Sambangdesa.com / Merangin - Pembangunan jaringan internet di Indonesia masih belum merata, meskipun negara ini telah merdeka selama 78 tahun. Sebuah contoh yang menggambarkan ketidakmerataan ini terlihat di Desa Rantau Kermas, Kecamatan Jangkat, Kabupaten Merangin, Jambi. Desa ini berada di perbatasan dengan Provinsi Bengkulu dan belum memiliki akses yang mudah terhadap sinyal internet.
Sebanyak 535 penduduk di desa ini, yang terletak di sekitar hutan Taman Nasional Kerinci Seblat (TNKS), masih mengalami kesulitan dalam mengakses informasi di dunia maya dengan cepat. Mereka harus menempuh perjalanan mendaki bukit sejauh 12 kilometer untuk bisa terhubung dengan jaringan internet.
Meskipun demikian, nama Desa Rantau Kermas telah dikenal di seluruh dunia karena usahanya dalam menjaga hutan adat Kara Jayo Tuo seluas 310 hektar tetap lestari. Bahkan, beberapa tokoh terkenal seperti anggota grup KPop BTS, warga Norwegia, dan seniman di Indonesia telah turut serta dalam usaha melestarikan pohon-pohon di hutan adat tersebut, membantu masyarakat setempat dalam pengembangan ekonomi.
Warga desa telah mulai mengembangkan usaha pengolahan kopi, dari biji menjadi bubuk, dengan kemampuan produksi mencapai 300 kilogram per hari di bawah naungan Badan Usaha Milik Desa (Bumdes) Kopi Serampas. Potensi wisata di desa ini juga meliputi air terjun dengan ketinggian belasan meter, Danau Depati IV dengan pemandangan memukau yang sering berkabut, seolah berada di atas awan.
Namun, untuk mencapai desa ini, masih diperlukan perjalanan menggunakan mobil atau motor selama 10 jam dari Kota Jambi dan 3 jam dari Kota Bangko.
Keberadaan di daerah perbatasan membuat warga Desa Rantau Kermas terus berjuang untuk mendapatkan infrastruktur jaringan internet, seperti base transceiver station (BTS) atau menara sinyal.
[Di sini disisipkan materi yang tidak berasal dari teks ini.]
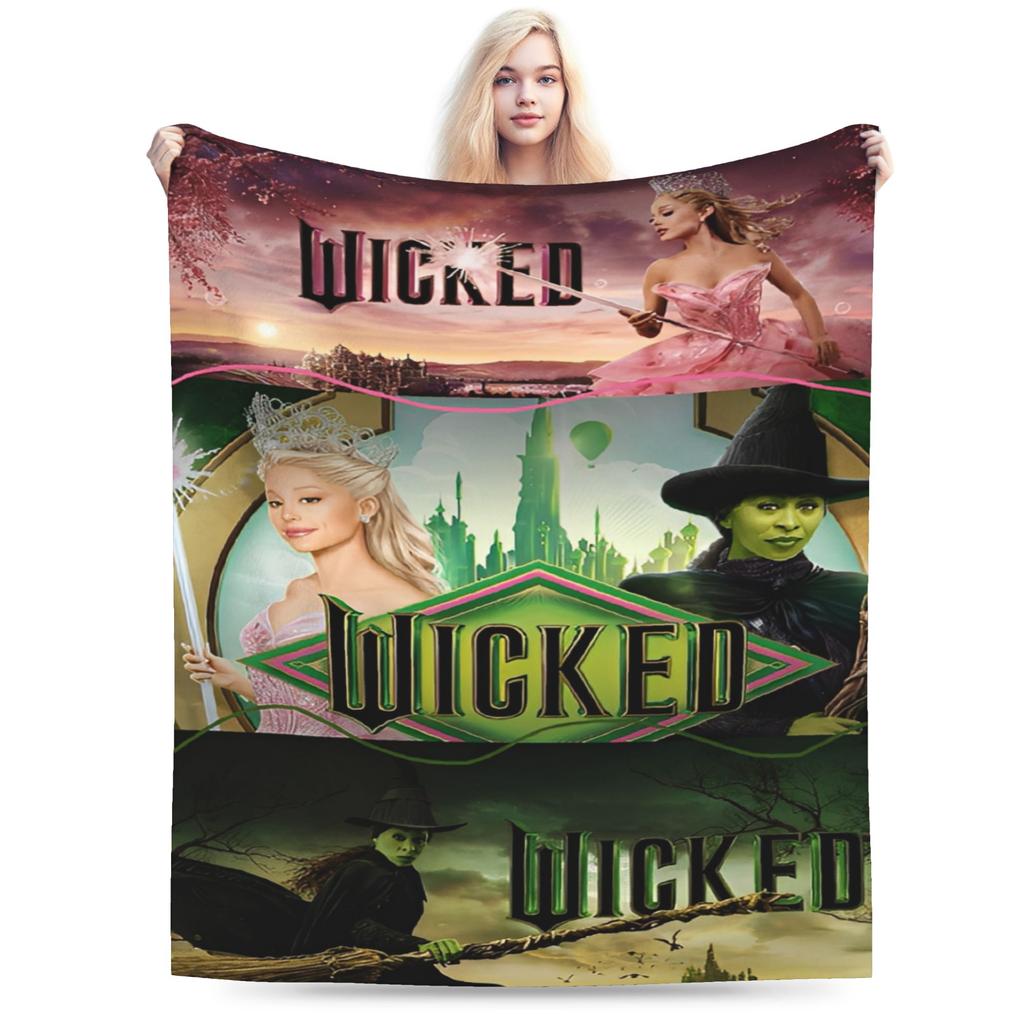 Wicked For Good Merch Blankets Lightweight Thin Fleece Throw Blankets Comfortable Rug Piece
Ketidakmampuan untuk mendapatkan sinyal telah menyebabkan mereka kehilangan peluang dalam menjual produk Kopi Serampas dan juga mengalami kesulitan dalam memberi kabar kepada kerabat yang berada di tempat yang jauh.
Sekretaris Desa Yudi Irmawan berharap pemerintah dapat mendengar keluhan mereka terkait kebutuhan akan akses internet yang sangat penting. Walaupun sudah hampir 30 tahun berjuang, upaya pengajuan pembangunan menara sinyal kembali dilakukan dua tahun lalu. Meskipun pemerintah telah merespons dengan baik, belum ada perkembangan nyata dalam hal ini.
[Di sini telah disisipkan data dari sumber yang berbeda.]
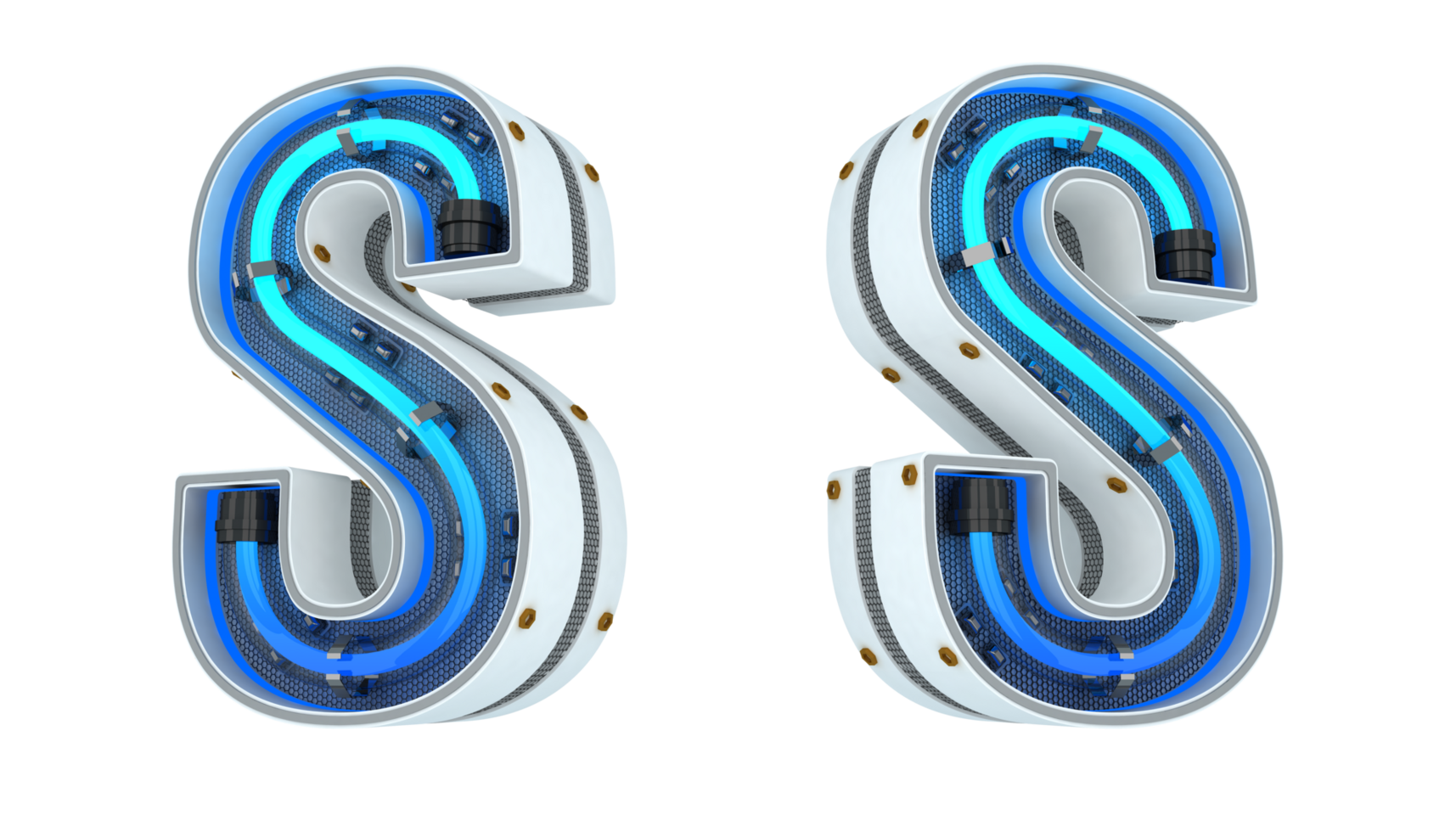 White alphabet with blue neon light 3d rendering png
Desa ini terletak di lembah dan dikelilingi oleh hutan, sehingga sinyal dari menara terdekat tidak dapat menjangkau desa. Demi mendapatkan akses internet, warga harus mendaki bukit dan berjalan sekitar 12 kilometer terlebih dahulu. Namun, sejak peristiwa tragis di Desa Air Batu pada tahun 2021, di mana seseorang diterkam harimau saat mencari sinyal, warga menjadi enggan mencari sinyal di tempat terbuka.
Adanya akses sinyal internet akan memberikan manfaat bagi para petani kopi di desa ini, memungkinkan mereka untuk memantau harga kopi secara real-time. Selain itu, pemerintah desa juga dapat mempromosikan potensi desa kepada dunia luar, tidak hanya dari segi ekonomi, tetapi juga dari segi pariwisata dan budaya. Warga di desa ini berharap agar sinyal internet dapat diterima di kampung mereka.
Kekurangan sinyal juga berdampak pada pengelolaan bisnis BUMDes. Penjualan kopi milik desa yang sebelumnya bisa mencapai 3 ton per bulan, kini hanya mampu terjual 300 kilogram per bulan karena kesulitan dalam mengelola pemesanan melalui internet. Dengan adanya sinyal, BUMDes dapat menjual produk secara online dan melakukan promosi yang lebih luas.
Kesulitan dalam mendapatkan sinyal internet ini sebagian besar disebabkan oleh kurangnya perhatian pemerintah terhadap aspirasi masyarakat di tingkat akar rumput. Program 1.000 tower internet gratis yang diinisiasi oleh Gubernur Jambi, Al Haris, belum menyentuh desa yang terletak di perbatasan ini.